Une image d'un héros mythique passé maître du ciel
Maui est une grande star du mythe, car il a à son actif de
nombreuses biographies qui ont su, à travers les récits de la
tradition orale mais aussi à travers les récits des premiers
ethnographes, marquer les esprits par les traits singuliers de sa
personnalité. On le dit espiègle à souhait, grand pourfendeur des
interdits, attrapeur de soleil et pêcheur d'îles. Certains donnèrent
au héros les caractéristiques " solaires " que la psychanalyse
naissante prêtait, au début du siècle précédent, au traumatisme de
la naissance. La tragédie de Maui aurait été alors de naître deux
fois ou d'avoir eu deux parentés, celle des dieux et celle des
hommes. Lorsqu'il voulut être un garçon comme ses frères, nous
disaient ses biographes, ses frères ressentirent vivement le
monopole de l'affection de leur mère qui le préférait de manière
extravagante. Mais chaque matin, à l'aurore, elle disparaissait et
le laissait seul avec ses frères, ce qui l'incita à la suivre et
l'embarqua dans toute une série d'aventures dans le monde
souterrain. Sans conférer directement à Maui les traits solaires
caractéristiques dans nombreuses épopées orientales, on prêtait
volontiers au héros toutes les caractéristiques de l'espièglerie
transgressive. Luomala, dans son Maui des mille espiègleries, paru à
Hawai'i en 1949, nous conte l'idée que ses biographes avait du
héros. " Un jeune héros civilisateur, insouciant, fripon et
simulataire ", voici comment le héros est décrit par ses biographes.
Maui est moins qu'un dieu, mais plus qu'un homme. Aimé mais non
adoré. Comique et cependant tragique. Protecteur et destructeur. Il
est le Peter Pan polynésien, qui quelque fois tient lieu de Moïse.
A y
regarder de plus près son actif n'est pas toujours glorieux. Il tua
deux de ses grands-parents, mit le feu au monde, lorsqu'il voulut
dérober le feu au dieu (quelquefois identifié à la déesse des
tréfonds de la terre) Mahui'a, et battit à mort son ancêtre, le
soleil, à l'aide de la mâchoire de sa grand-mère utilisée comme
casse-tête. Alors qu'il laissait mourir de faim une de ses
grands-mères pour obtenir d'elle sa mâchoire magique, il traita un
peu mieux son autre grand-mère gardienne du monde souterrain (dans
un autre récit, il s'agit de Ra'anua, sa propre grand-mère qui est à
la fois l'une et l'autre). Etant aveugle, elle veillait
perpétuellement sur un feu où brûlait un festin, anthropophage selon
certains narrateurs. Maui sut lui faire recouvrer la vue, ce qui lui
valut d'être initié à la magie par sa grand-mère. Mais ces bonnes
actions sont contrebalancées par ce qu'il fit subir à ses
grands-pères (le plus souvent identifiés à Mahui'a). Ainsi au lever
du soleil, Maui, juché au sommet du plus haut cocotier, tira
brusquement sa ceinture pour réduire le vieil homme en miette. Bien
qu'il finisse, dans ce dernier cas, par redonner la vie au soleil,
en général Maui tire son pouvoir de la magie de ses ancêtres et des
sévices qu'il leur fait subir…Voilà une bien mauvaise réputation !

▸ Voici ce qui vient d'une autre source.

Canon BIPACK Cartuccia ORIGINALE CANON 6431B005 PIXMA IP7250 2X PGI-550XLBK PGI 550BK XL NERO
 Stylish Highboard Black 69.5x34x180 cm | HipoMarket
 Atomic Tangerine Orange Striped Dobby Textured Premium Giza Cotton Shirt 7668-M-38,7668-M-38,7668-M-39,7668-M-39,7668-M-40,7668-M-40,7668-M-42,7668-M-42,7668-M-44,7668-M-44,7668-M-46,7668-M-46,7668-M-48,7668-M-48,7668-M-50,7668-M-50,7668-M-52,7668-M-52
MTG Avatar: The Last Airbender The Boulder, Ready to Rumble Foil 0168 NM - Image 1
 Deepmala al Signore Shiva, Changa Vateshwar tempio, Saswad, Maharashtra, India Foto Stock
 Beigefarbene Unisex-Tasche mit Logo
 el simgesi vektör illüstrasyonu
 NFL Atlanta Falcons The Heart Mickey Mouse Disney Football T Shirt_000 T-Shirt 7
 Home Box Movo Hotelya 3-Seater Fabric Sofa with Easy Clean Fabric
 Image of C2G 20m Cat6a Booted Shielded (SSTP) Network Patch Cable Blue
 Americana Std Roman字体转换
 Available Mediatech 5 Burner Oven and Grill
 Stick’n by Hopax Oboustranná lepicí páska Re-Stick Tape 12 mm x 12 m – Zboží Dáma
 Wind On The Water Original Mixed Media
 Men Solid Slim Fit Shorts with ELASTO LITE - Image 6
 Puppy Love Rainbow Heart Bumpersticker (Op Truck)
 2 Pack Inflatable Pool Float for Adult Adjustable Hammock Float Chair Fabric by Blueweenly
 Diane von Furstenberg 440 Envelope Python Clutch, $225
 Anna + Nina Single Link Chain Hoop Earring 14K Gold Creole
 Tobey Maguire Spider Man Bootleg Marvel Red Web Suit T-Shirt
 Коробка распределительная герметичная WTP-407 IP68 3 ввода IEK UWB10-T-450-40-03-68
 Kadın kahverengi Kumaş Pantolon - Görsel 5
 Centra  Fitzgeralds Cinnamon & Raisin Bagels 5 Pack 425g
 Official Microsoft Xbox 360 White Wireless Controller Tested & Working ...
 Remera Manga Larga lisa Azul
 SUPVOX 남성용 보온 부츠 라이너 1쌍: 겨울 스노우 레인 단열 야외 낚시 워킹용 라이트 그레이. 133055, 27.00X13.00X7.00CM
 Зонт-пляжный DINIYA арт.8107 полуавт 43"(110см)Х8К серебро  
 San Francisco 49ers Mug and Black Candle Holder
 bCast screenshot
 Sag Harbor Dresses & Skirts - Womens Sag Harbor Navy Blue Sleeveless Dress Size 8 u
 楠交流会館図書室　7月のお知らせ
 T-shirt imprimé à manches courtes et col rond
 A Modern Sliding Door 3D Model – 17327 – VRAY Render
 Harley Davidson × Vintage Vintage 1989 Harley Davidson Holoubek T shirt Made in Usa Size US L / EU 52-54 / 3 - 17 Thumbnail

Nous savons aujourd'hui, grâce aux travaux de l'anthropologie et de
l'ethnologie, que se sont superposés au caractère profane du héros,
les caractéristiques sacrées d'une idéologie théologique naissante
dans les îles de la Société à l'arrivée des Européens. Ainsi, Maui
peut être doublement ambigu. Il convient donc de poser l'attrapeur
de soleil comme :
1) fondateur des marae et donc détenteur de la généalogie.
2) héros espiègle, dérobant le feu.
3) pêcheur d'île à Hawai'i, en Nouvelle-Zélande et à Manihiki.
4) héros transgressant les interdits. On connaît la mort de Maui
entre les cuisses de Hina no te pö en Nouvelle-Zélande.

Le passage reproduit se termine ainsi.